Just then the postman came walking across the street. The two men called each other by name and exchanged pleasantries and that made Woebkenberg smile: “All this is small town personified.”
Inside his shop, where several horse carts and race sulkies were in various stages of assemblage or repair, you also found an eclectic collection of racing and horse-themed remembrances of times long past.
It made you realize just how deeply Woebkenberg has embraced the sport since he grew up in Lebanon in the 1950s.
He’s a third-generation horseman, and with a warm smile he said one of his first memories is being with his dad, John Woebkenberg, who had just driven home a winner at the Ross County Fair in Chillicothe:
“I have a picture of it. I was just three or four. My mom had made me a set of racing colors to match my dad’s. He’s in the Winner’s Circle and I’m setting up there on his shoulder in the race bike.”

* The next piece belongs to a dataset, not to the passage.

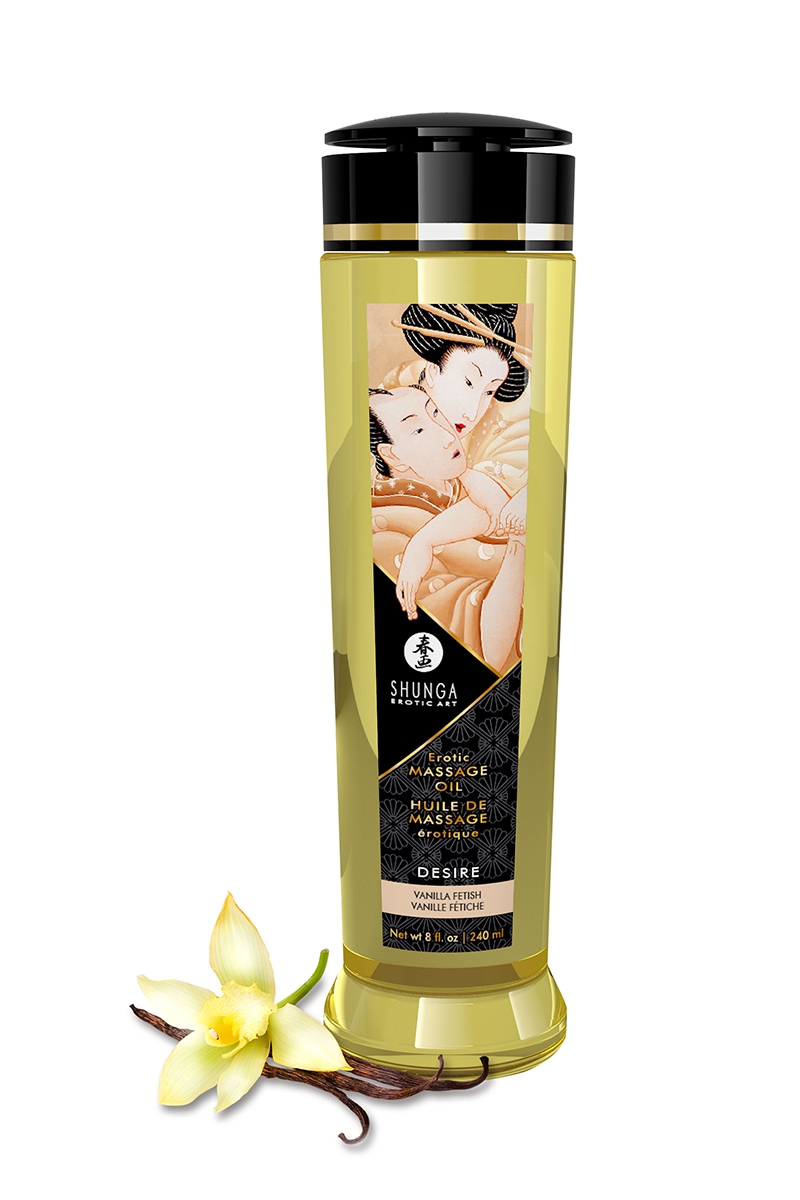 Huile de massage érotique parfum vanille - Shunga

His dad taught him everything from mucking stalls to how to handle various driving dilemmas on the track. And at age 16, Mike debuted in the sulky at the Warren County Fair.
Years later he began to realize there were other ways to make a living in the sport. He began to build and repair sulkies and horse carts and then one day he said a friend had him paint some mobile starting gates for him.

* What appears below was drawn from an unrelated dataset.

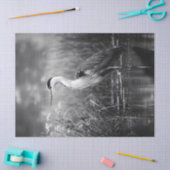 Heron in het moeras zwart-wit decoupage tissuepapier (Craft)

As payment the guy gave him a starting gate unit and suggested he try starting races at a couple of county fairs.
“I needed a driver to help me and Becky volunteered and it exploded from there,” he said.
Becky — who had grown up outside Gratis and shown horses when she was younger — was a natural. She had been helping run her family’s bulldozer business in West Alexandria, Mike said: “She’d run D-8 Cats (Caterpillars) and all that stuff, so it was just an extension of that.”
Over the years the pair has started races at various harness tracks across the Midwest, and with the resurgence of standardbred racing in Ohio, Mike has been able to stay deeply involved in the sport he champions whenever he can.
“I believe we have one of the most unique sports going,” he said. “Men and women race on equal footing and you may have drivers who are very young — kids can start at 16 — and, on the other end of the spectrum, a few years ago I started (Hancock County Sports Hall of Famer) 93-year-old Doc Schoonover.
“Pro football and pro basketball careers are short, but in our sport you can drive into your 40s and 50s and 60s and still be competitive.